What the task asks
Output everything in the data exactly, leaving the pictures out.

Given information
________________
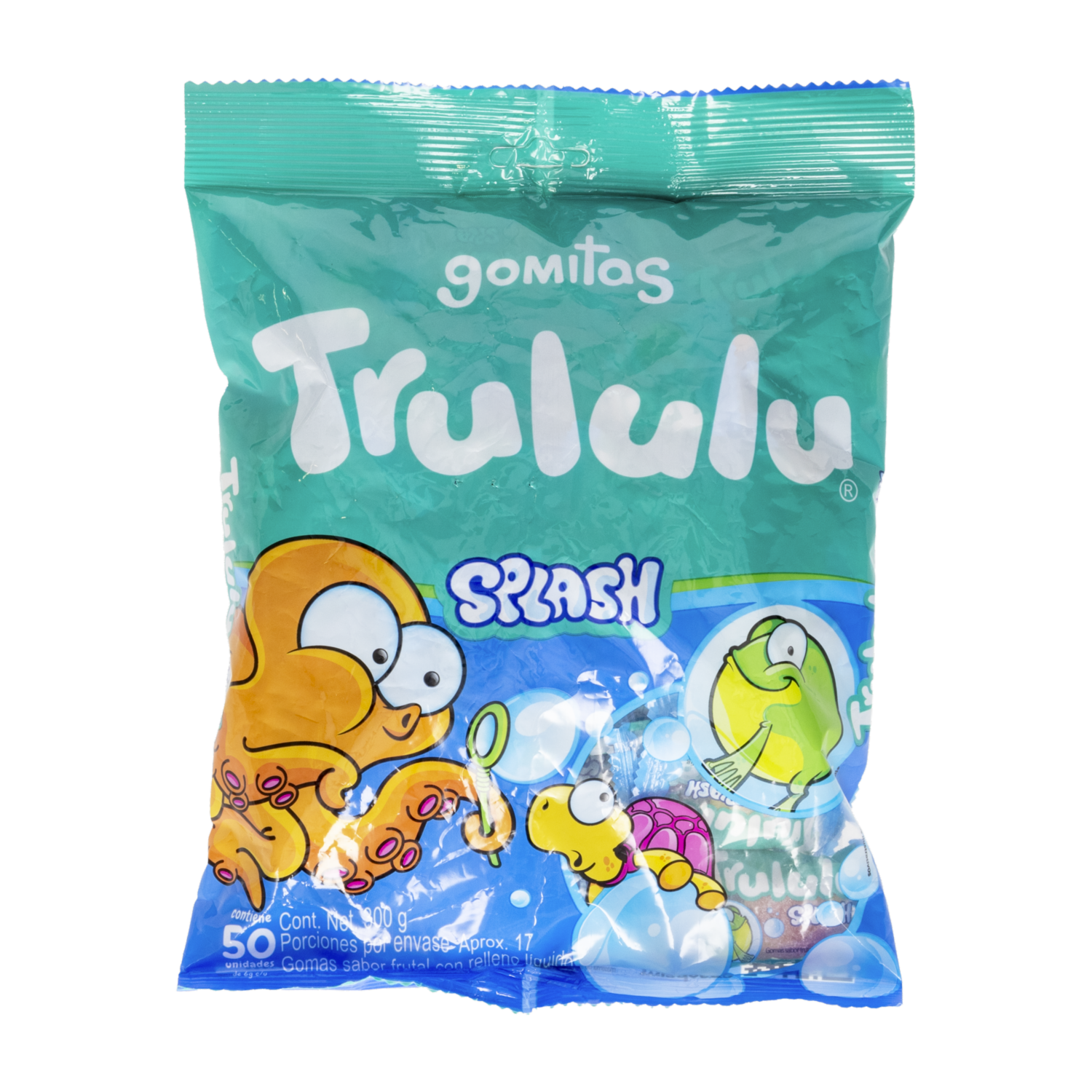 Gomitas Con Relleno Liquido Frutal TRULULU 300 G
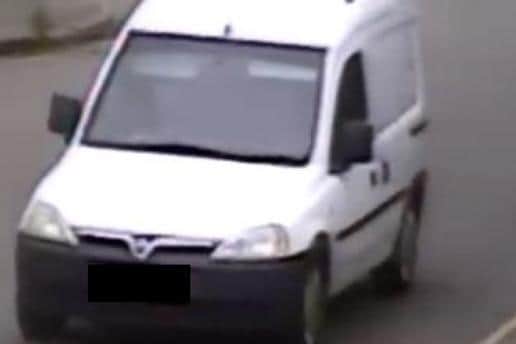 Anyone who may have seen this vehicle is urged to contact the police.
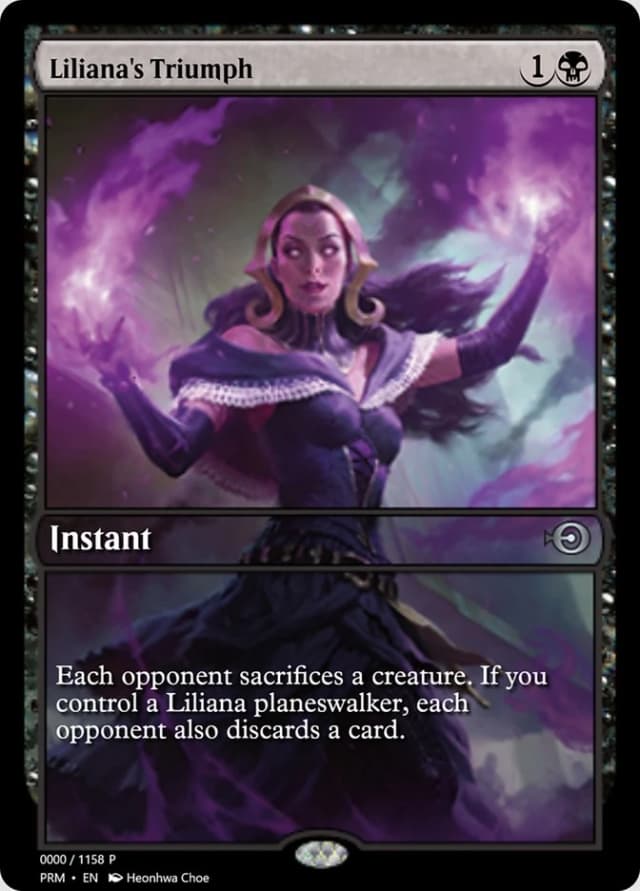 Liliana's Triumph image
________________
Task solution
 Gomitas Con Relleno Liquido Frutal TRULULU 300 G
 Anyone who may have seen this vehicle is urged to contact the police.
 Liliana's Triumph image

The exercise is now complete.